The Color Purple by Alice Walker



Rating - Read if you have the time


Thanks to an attempt at exchanging books with voracious reader friends instead of just buying them all the time, I ended up reading this book.


The Colour Purple starts off well enough in its straightforward and unapologetic story of a young black girl in post-civil war America. The first few pages statesmatter-of-factly that the protagonist, Cecie’s, ‘Pa’ has been repeatedly raping her and has given away the two children produced as a result of this.

From here the book slowly begins the story of Cecie. Cecie’s forced marriage to Mr (the name is never told) primarily for the purpose of looking after the latter’s children. Mr’s love for his glamourous, singing diva mistress, Shug Avery. Cecie’s one love in life – her sister Nettie and the disappearance of Nettie.

As the tale continues, Shug Avery begins to help Cecie grow as a person.

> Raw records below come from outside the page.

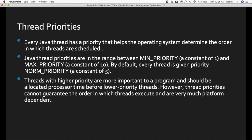Every Java thread has a priority that helps the operating system determine the order in which threads are scheduled. Java thread priorities range between MIN_PRIORITY (constant of 1) and MAX_PRIORITY (constant of 10), with a default of NORM_PRIORITY (constant of 5). Threads with higher priority are more important and should be allocated processor time before lower priority threads. When creating a thread, you can assign priorities so the higher-priority thread runs first.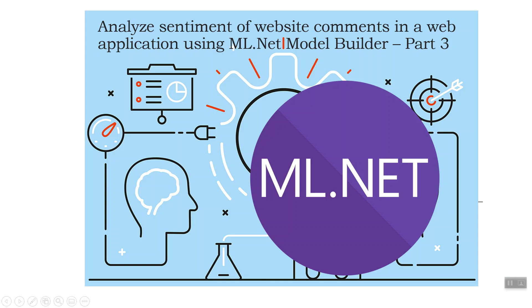Now we are into the third part of analyzing sentiment of website comments in a web application using ML.NET Model Builder. I strongly recommend you first go through the first two parts because this is a series of tutorials and each tutorial is based on the previous part.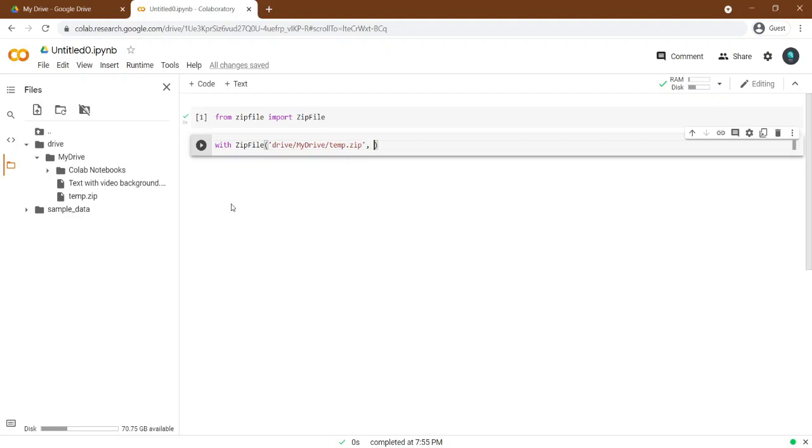And we want to read it, so here I say R, as zip object.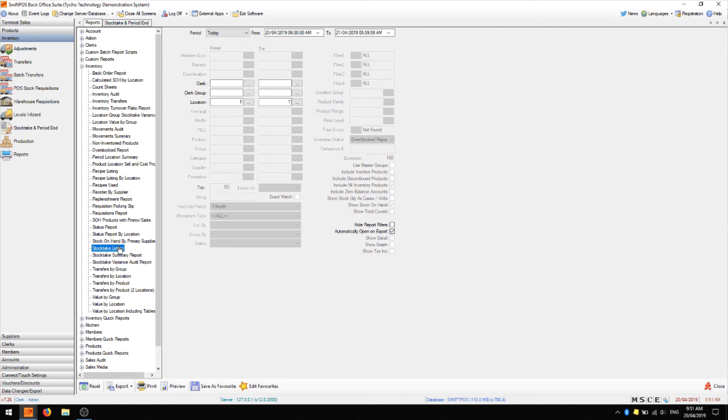Great, so that's how you can perform a manual stock take. In subsequent videos I'm going to talk about how to stock take using a PDA stock taking device, as well as stock taking for multiple locations at the same time. I hope that's been of use to you. Thanks for watching and I will catch you in the next video.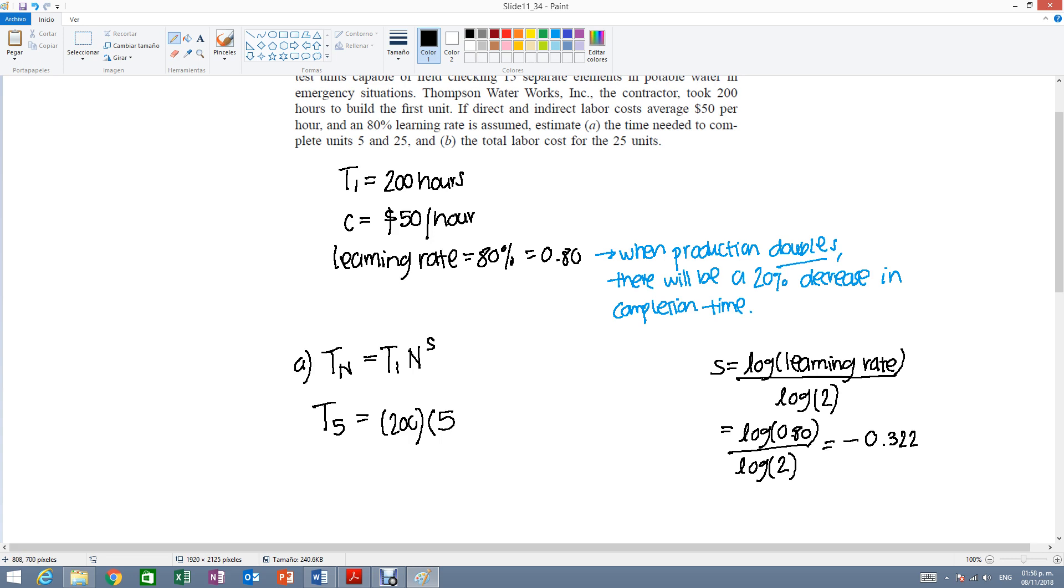So we're going to raise the 5 to minus 0.322, and this will give us 119.1 hours.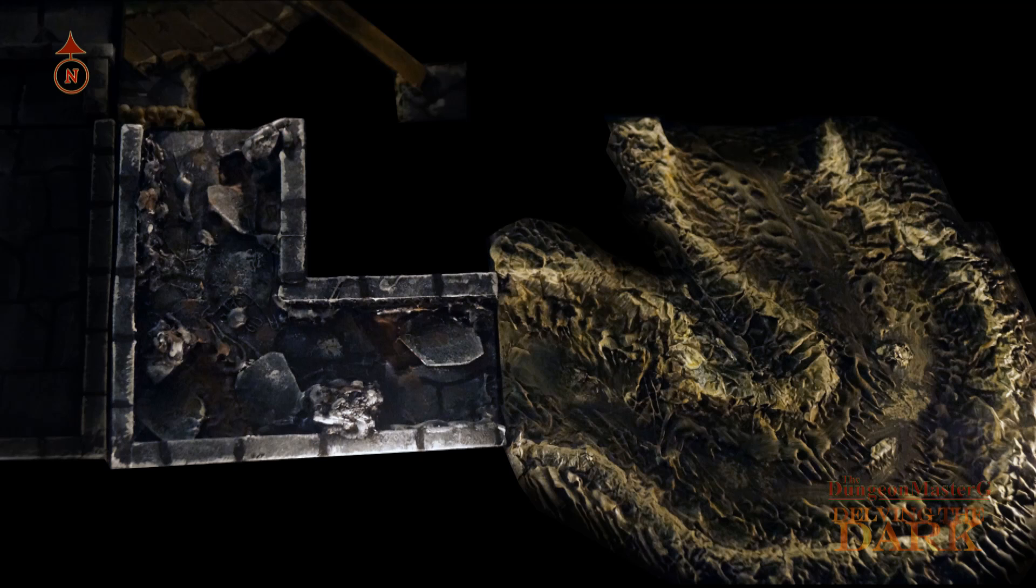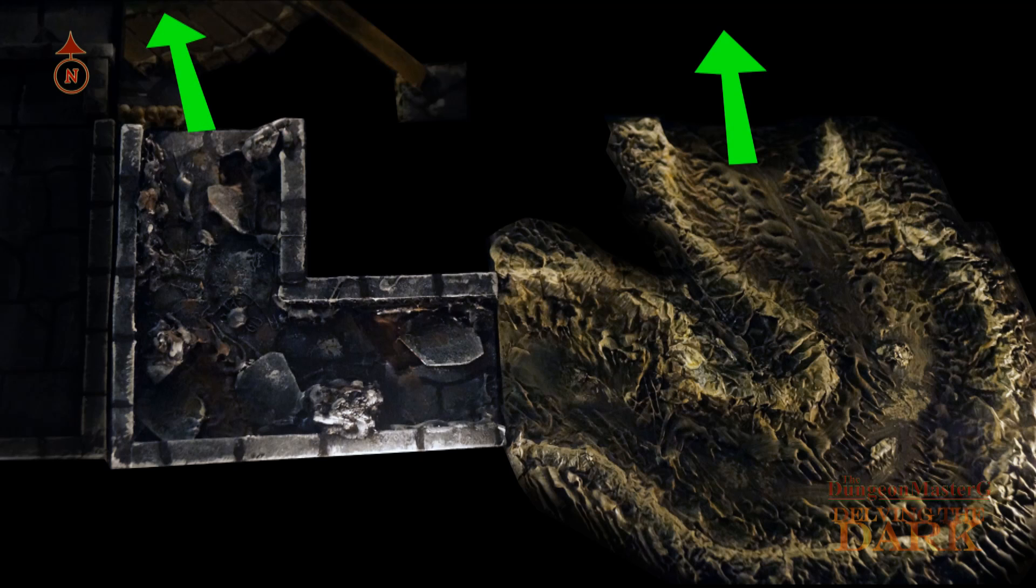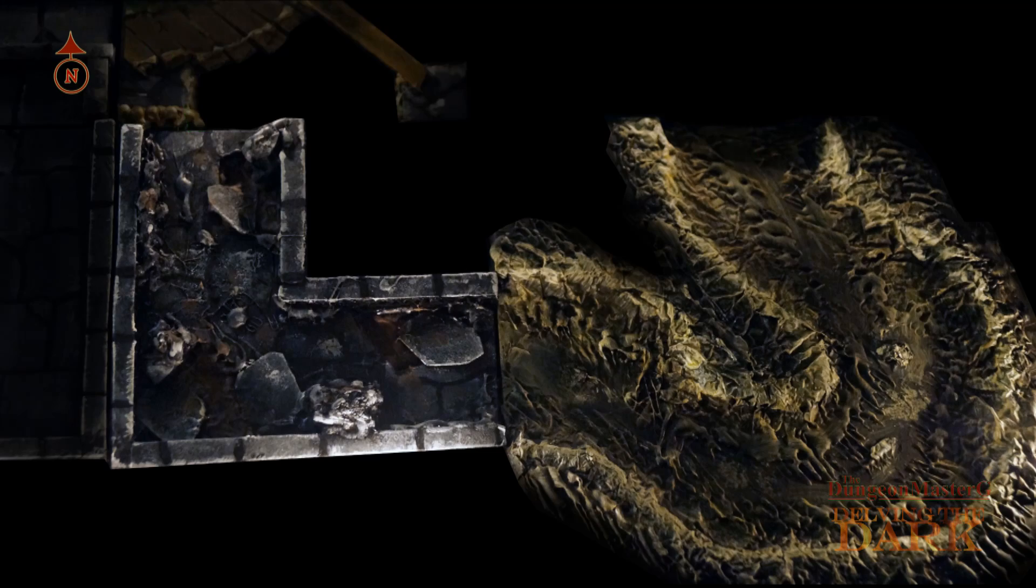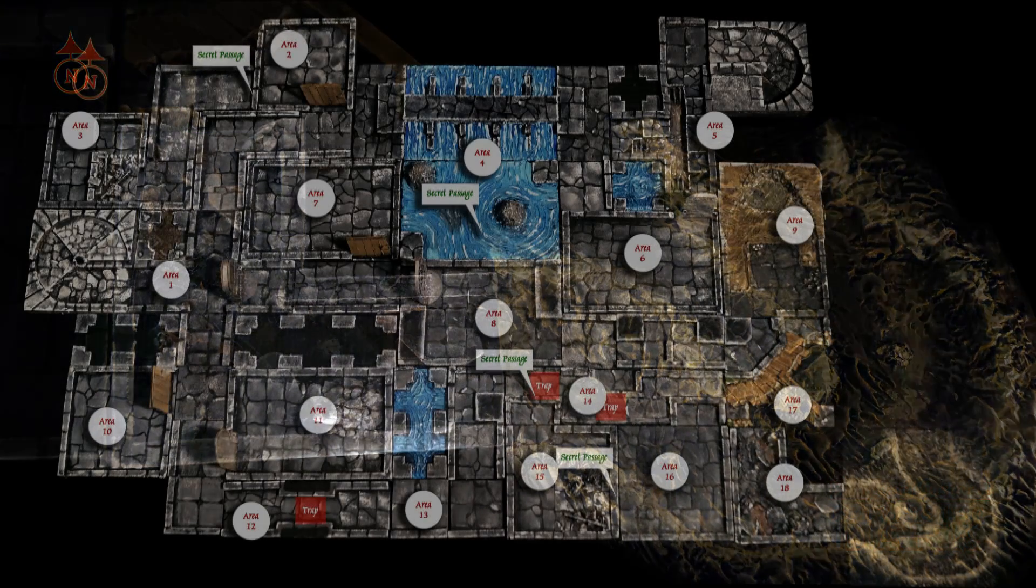The passage becomes a natural cave which winds north. The smell of death hangs in the air.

From accepting her lot in a non-confrontational way, Cecie starts to pay more attention to her own needs. On the way you meet a lot of interesting characters like Mr’s son Harpo, who dithers between treating the woman he loves with respect and treating her like filth as his father is wont to do. Harpo’s wife Sophie, is one of the book’s most charming characters – someone who is born into a world where black women are second class citizens but strongly believes otherwise. Sophie’s brothers and sisters also have uncharacteristically tremendous amounts of self respect.

I liked the beginning. The lackadaisical manner in which Cecie observes her own life, as if all the injustice and violence is happening to someone else and not her, strangely makes you empathise with the character. Ironically, only as Cecie begins to take control of her life, the book begins to falter. The author takes on too many things and it comes out a bit too pat.

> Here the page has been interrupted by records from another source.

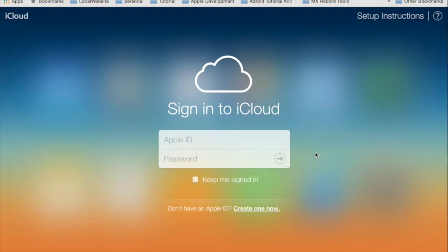What's up guys, Anthony is here. Today I'm going to teach you about iCloud. iCloud is the application that Apple uses, like Google Gmail or something.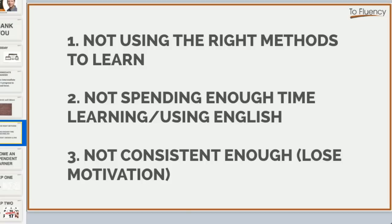Number two: if you are using the right methods, then maybe you're not spending enough time learning or using English. This is a problem because everybody is busy and has other commitments. Number three is not being consistent enough. If you're not doing this over three, six, twelve months, then you're not going to progress.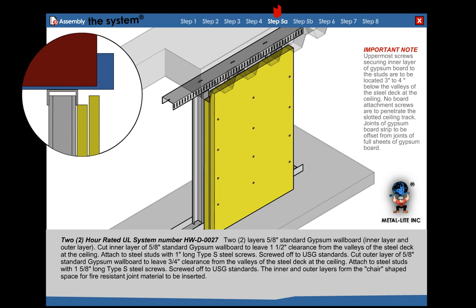Important note: Uppermost screws securing both inner and outer layers of gypsum board to the stud should be located 3 to 4 inches below the valley of the steel deck. No board attachment screws are to penetrate the slotted track.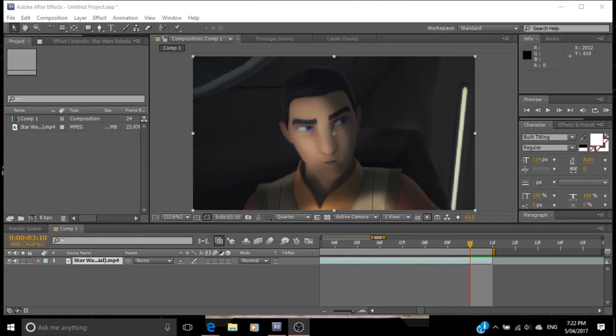Right here we've got Ezra Bridger in the Star Wars Rebels Season 3 trailer that I'm recreating. I've got my reference footage here at the bottom.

A quick Wiki check tells me the book has won a lot of awards and has been popular enough to be made into a movie. For good reasons too. Some stories, no matter how many times you have heard them before, need to be retold again and again. Yet, as a book, I would say it is good but not brilliant.

2 comments:

Mum's delight said...

I saw half of the movie, then it got too dull to continue. Do you know who plays Sofia in the movie - Oprah Winfrey !

Anita said...

Then the movie was true to the book I guess :)

Oprah Winfrey! I did not realise she had done movies.